* YOUR TASK:
The listing below should be printed in full and exactly, apart from its images.

* INPUT DATA:
::::::::::
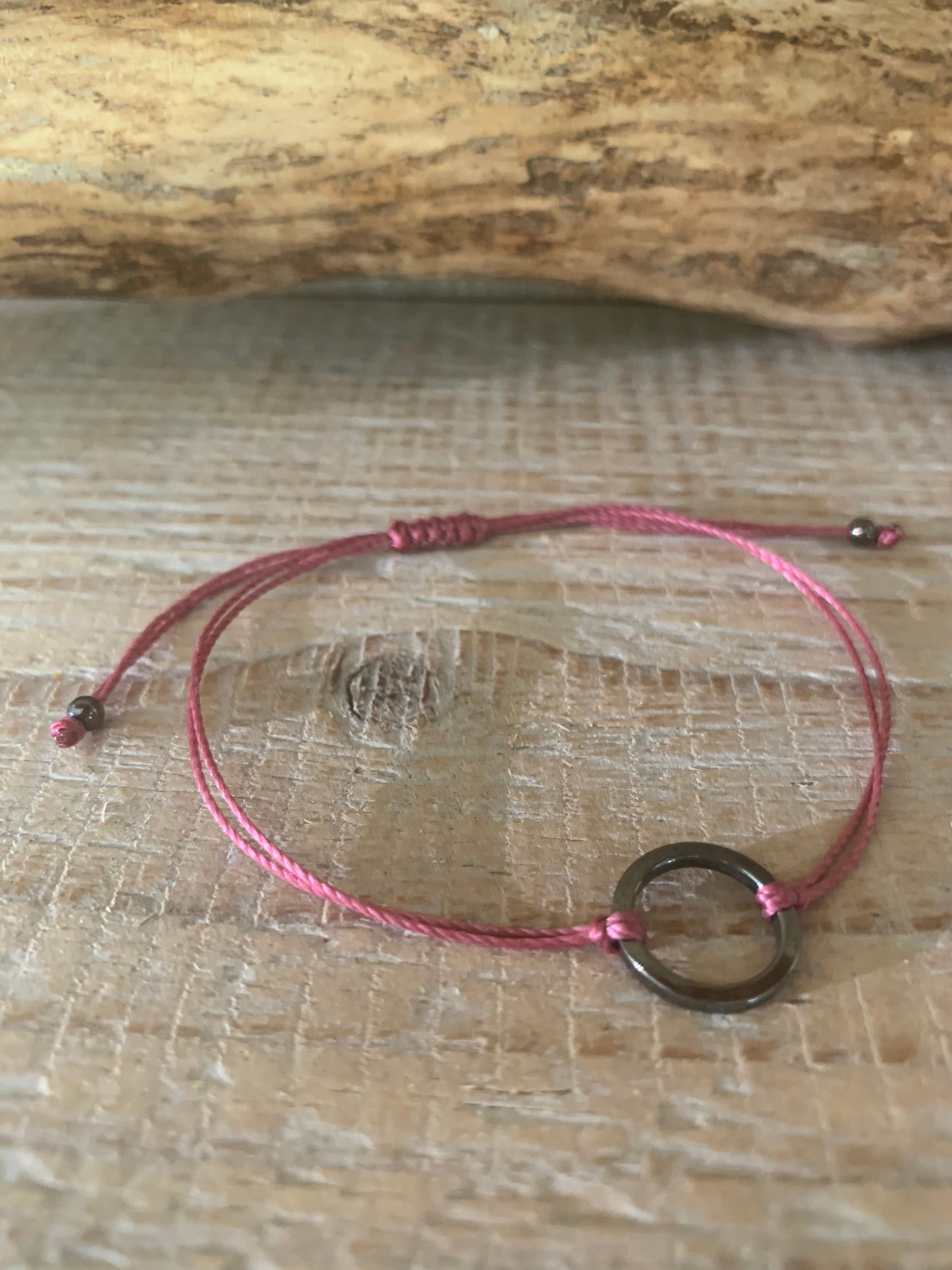 Bracelet cercle - Harmonie & simplicité
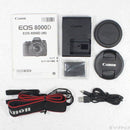 Canon Digital Slr Eos 8000D Ef-S18-135 Is Stm (2420 Sdxc) 344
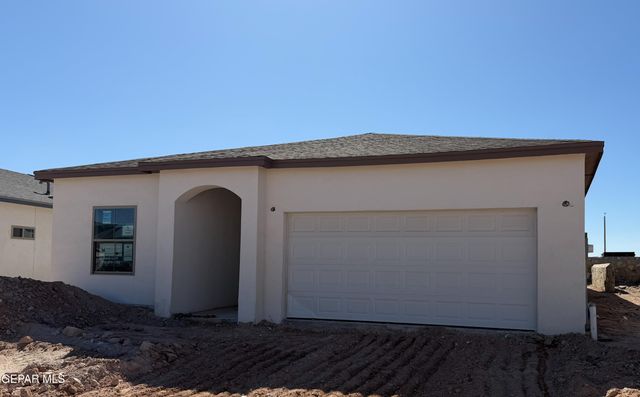 12729 Cono Norte Drive, El Paso, TX 79934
::::::::::
* OUTPUT FOR THIS TASK:
 Bracelet cercle - Harmonie & simplicité
 Canon Digital Slr Eos 8000D Ef-S18-135 Is Stm (2420 Sdxc) 344
 12729 Cono Norte Drive, El Paso, TX 79934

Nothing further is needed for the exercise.